───── THE DATA

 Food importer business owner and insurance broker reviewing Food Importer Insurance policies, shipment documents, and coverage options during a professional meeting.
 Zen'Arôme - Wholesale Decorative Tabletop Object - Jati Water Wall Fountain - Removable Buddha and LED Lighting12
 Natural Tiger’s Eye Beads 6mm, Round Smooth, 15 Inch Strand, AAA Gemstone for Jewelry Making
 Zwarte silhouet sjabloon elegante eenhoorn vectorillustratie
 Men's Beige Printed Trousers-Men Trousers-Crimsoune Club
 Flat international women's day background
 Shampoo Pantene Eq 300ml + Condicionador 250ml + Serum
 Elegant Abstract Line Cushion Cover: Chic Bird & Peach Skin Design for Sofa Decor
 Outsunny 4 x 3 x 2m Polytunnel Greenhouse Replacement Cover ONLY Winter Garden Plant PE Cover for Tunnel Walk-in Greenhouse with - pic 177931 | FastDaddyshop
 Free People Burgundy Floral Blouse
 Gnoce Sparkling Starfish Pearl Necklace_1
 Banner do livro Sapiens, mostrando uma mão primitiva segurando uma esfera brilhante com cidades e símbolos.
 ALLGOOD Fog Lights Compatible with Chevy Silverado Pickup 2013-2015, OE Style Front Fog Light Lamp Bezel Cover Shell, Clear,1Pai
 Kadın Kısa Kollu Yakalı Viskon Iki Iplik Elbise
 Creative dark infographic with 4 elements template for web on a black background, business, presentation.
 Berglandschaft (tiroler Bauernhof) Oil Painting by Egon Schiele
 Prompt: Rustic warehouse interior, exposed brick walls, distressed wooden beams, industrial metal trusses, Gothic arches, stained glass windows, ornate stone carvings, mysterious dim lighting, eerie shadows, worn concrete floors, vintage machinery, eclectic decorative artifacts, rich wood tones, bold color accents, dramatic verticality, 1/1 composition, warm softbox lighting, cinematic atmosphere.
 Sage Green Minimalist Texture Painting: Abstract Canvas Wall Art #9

──────────

## ACTION ITEM
All of the entries should be written out again exactly.

## SOLUTION TO THE EXERCISE
 Food importer business owner and insurance broker reviewing Food Importer Insurance policies, shipment documents, and coverage options during a professional meeting.
 Zen'Arôme - Wholesale Decorative Tabletop Object - Jati Water Wall Fountain - Removable Buddha and LED Lighting12
 Natural Tiger’s Eye Beads 6mm, Round Smooth, 15 Inch Strand, AAA Gemstone for Jewelry Making
 Zwarte silhouet sjabloon elegante eenhoorn vectorillustratie
 Men's Beige Printed Trousers-Men Trousers-Crimsoune Club
 Flat international women's day background
 Shampoo Pantene Eq 300ml + Condicionador 250ml + Serum
 Elegant Abstract Line Cushion Cover: Chic Bird & Peach Skin Design for Sofa Decor
 Outsunny 4 x 3 x 2m Polytunnel Greenhouse Replacement Cover ONLY Winter Garden Plant PE Cover for Tunnel Walk-in Greenhouse with - pic 177931 | FastDaddyshop
 Free People Burgundy Floral Blouse
 Gnoce Sparkling Starfish Pearl Necklace_1
 Banner do livro Sapiens, mostrando uma mão primitiva segurando uma esfera brilhante com cidades e símbolos.
 ALLGOOD Fog Lights Compatible with Chevy Silverado Pickup 2013-2015, OE Style Front Fog Light Lamp Bezel Cover Shell, Clear,1Pai
 Kadın Kısa Kollu Yakalı Viskon Iki Iplik Elbise
 Creative dark infographic with 4 elements template for web on a black background, business, presentation.
 Berglandschaft (tiroler Bauernhof) Oil Painting by Egon Schiele
 Prompt: Rustic warehouse interior, exposed brick walls, distressed wooden beams, industrial metal trusses, Gothic arches, stained glass windows, ornate stone carvings, mysterious dim lighting, eerie shadows, worn concrete floors, vintage machinery, eclectic decorative artifacts, rich wood tones, bold color accents, dramatic verticality, 1/1 composition, warm softbox lighting, cinematic atmosphere.
 Sage Green Minimalist Texture Painting: Abstract Canvas Wall Art #9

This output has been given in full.